Sunday, May 06, 2007

Event Stream Processing, Complex Event Processing and Rules Engines (Edson Tirelli)

(content originally posted at my personal blog)

For those wondering why I finally decided to create my own blog, it all started in my last class of Non-Classic Logics at USP. The teacher was explaining about one of the temporal logics that were formalized, known as Logic US (that stands for Until/Since).

At that moment, something clicked and I remembered Mark commenting about supporting CEP/ESP as an extension to the Rete engine we have implemented in JBoss Rules. It seemed a perfect match: supporting temporal logic would give us all we need to also reason over stream of events. I wish it was that simple.

Yesterday I spent the day looking for information about possible research that might have been done and what is the state of the art in the field. I confess, besides having a reasonable knowledge of Rete, I have no experience in ESP/CSP.

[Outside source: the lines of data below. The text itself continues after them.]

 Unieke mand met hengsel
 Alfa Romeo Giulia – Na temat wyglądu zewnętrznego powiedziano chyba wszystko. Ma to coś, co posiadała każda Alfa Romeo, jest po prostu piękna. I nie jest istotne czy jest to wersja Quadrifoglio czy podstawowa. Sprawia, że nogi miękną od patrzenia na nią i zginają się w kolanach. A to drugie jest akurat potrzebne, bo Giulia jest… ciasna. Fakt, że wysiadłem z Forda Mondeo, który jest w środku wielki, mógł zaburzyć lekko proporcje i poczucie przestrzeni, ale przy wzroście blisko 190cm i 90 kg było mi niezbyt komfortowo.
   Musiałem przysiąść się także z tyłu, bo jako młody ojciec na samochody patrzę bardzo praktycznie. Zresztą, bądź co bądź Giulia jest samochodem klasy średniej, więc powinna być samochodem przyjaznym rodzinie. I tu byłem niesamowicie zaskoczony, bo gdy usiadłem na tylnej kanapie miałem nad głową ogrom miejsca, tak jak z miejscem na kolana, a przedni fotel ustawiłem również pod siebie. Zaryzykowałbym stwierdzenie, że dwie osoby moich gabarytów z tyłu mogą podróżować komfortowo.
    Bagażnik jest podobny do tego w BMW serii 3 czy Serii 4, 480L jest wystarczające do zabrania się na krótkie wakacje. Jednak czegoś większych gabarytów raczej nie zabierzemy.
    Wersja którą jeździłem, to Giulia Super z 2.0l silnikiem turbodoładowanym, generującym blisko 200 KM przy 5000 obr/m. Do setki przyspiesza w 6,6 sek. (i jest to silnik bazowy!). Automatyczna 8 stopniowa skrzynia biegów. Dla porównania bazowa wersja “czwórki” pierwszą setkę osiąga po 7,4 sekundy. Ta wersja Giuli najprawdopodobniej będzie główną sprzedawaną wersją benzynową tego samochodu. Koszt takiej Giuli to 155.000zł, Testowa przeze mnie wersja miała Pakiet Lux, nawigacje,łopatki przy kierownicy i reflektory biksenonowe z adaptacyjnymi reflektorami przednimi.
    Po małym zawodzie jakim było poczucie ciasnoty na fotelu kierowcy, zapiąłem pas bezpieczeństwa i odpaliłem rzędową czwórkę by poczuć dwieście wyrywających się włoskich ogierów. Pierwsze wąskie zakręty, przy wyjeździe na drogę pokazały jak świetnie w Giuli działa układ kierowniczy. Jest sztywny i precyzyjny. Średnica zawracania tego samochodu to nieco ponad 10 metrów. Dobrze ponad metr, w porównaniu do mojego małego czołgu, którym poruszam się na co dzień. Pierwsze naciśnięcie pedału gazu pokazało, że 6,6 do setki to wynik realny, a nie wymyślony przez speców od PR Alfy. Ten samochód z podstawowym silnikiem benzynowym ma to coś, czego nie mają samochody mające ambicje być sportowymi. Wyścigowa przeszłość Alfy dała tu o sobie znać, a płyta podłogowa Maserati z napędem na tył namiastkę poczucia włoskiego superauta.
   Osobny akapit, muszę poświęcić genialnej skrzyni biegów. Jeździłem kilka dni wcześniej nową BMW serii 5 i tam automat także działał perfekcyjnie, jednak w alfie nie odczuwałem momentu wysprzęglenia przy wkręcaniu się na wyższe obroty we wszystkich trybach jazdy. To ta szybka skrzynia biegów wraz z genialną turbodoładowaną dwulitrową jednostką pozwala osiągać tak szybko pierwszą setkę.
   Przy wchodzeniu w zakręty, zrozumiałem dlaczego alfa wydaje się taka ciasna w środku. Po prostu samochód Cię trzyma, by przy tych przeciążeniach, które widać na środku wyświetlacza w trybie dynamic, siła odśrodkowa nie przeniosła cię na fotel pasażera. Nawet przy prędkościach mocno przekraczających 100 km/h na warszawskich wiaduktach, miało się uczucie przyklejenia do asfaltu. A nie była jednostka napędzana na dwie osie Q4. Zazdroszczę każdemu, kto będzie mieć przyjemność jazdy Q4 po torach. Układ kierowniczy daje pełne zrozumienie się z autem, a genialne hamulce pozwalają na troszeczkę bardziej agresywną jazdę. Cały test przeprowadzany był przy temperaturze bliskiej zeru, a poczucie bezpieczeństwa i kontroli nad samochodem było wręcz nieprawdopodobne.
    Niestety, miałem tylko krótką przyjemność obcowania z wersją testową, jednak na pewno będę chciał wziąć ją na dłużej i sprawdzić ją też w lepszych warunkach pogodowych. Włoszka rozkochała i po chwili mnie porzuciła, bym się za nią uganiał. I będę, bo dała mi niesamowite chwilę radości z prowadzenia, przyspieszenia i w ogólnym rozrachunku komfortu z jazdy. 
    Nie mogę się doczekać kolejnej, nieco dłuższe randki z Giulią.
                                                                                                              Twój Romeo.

As you can imagine, there is a huge amount of information about it in the internet and I couldn't find/read it all, but so far, the following is what I was able to gather (trying a top-down approach).

Event Driven Architecture

First thing I tried to understand is the terminology, the use cases and state of the art in the ESP/CEP field, and I ended up reading this excellent post by Brenda Michelson, where she provides an overview of the terminology and how they relate to each other. I will not repeat here all what she says, but I found specially interesting the Event Driven Architecture she describes there. From it, I was able to define the boundaries of my current research.
What I'm interested is in how we can leverage the features of a rules engine, more specifically a Rete implementation, to handle CEP and ESP. In other words, from the reference architecture she mentions, I'm interested in the Event Processing Engine component.

ESP and CEP

ESP and CEP have quite a lot of information published. From David Luckham's excellent site, to university research projects, to products developed to do it, like Esper and StreamCruncher. A very prolific field.

Rules Engines

Besides all that information, I found just a few mentions about leveraging Rete to do it. James Taylor has three posts about it ([1], [2], [3]) and they are all 1+ years old.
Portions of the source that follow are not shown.